Description of the task: Only one span of the listing below should come back. It runs from the line with "Spring Path with" through the line with "rhinoceros free photo", and each of its lines must be reproduced exactly.

Given data:
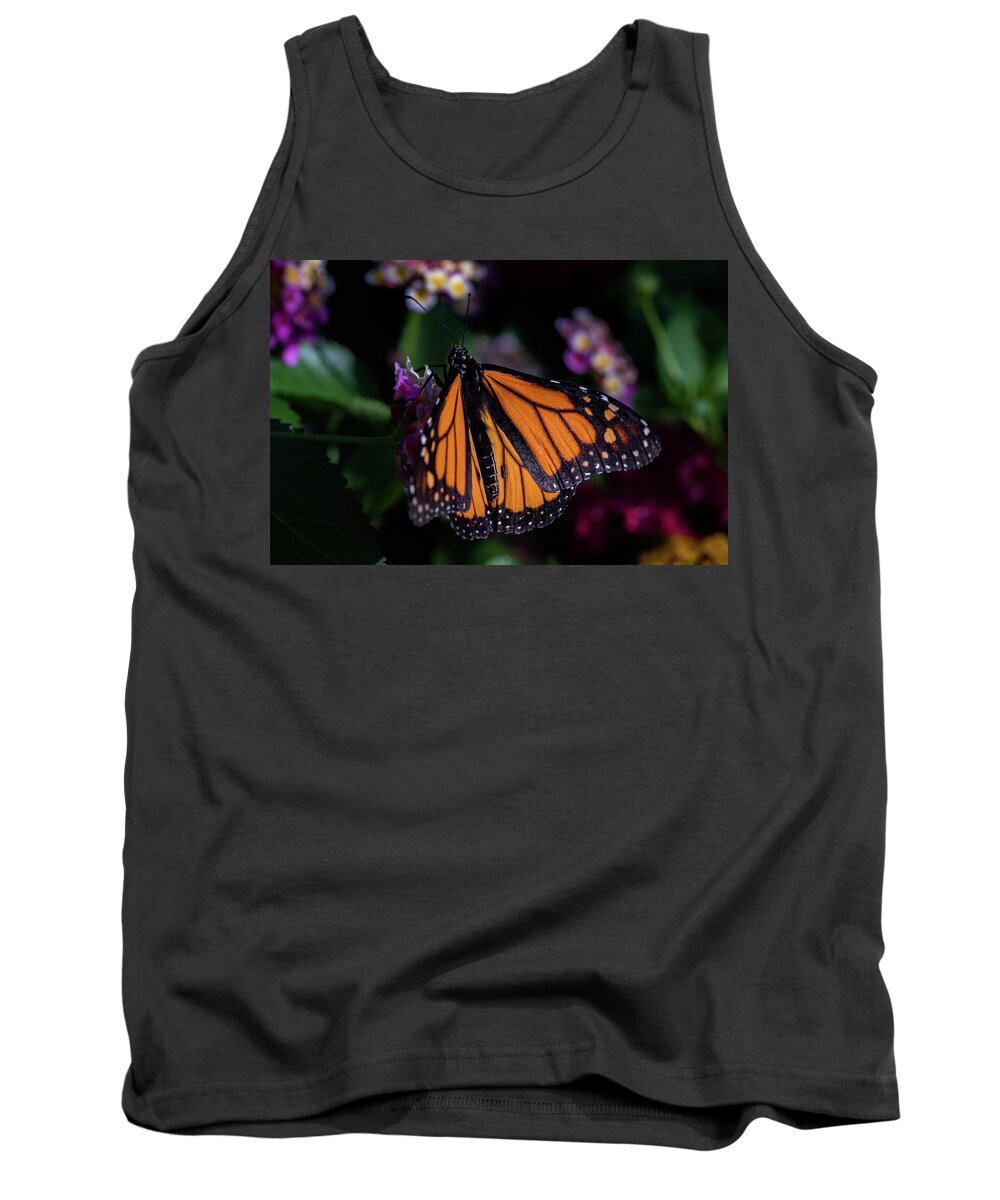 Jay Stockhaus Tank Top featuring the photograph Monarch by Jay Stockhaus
...
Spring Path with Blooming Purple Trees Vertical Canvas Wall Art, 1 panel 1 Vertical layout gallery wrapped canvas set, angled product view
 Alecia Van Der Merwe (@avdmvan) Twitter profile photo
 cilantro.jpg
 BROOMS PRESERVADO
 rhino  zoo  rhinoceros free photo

Response for this exercise:
Spring Path with Blooming Purple Trees Vertical Canvas Wall Art, 1 panel 1 Vertical layout gallery wrapped canvas set, angled product view
 Alecia Van Der Merwe (@avdmvan) Twitter profile photo
 cilantro.jpg
 BROOMS PRESERVADO
 rhino  zoo  rhinoceros free photo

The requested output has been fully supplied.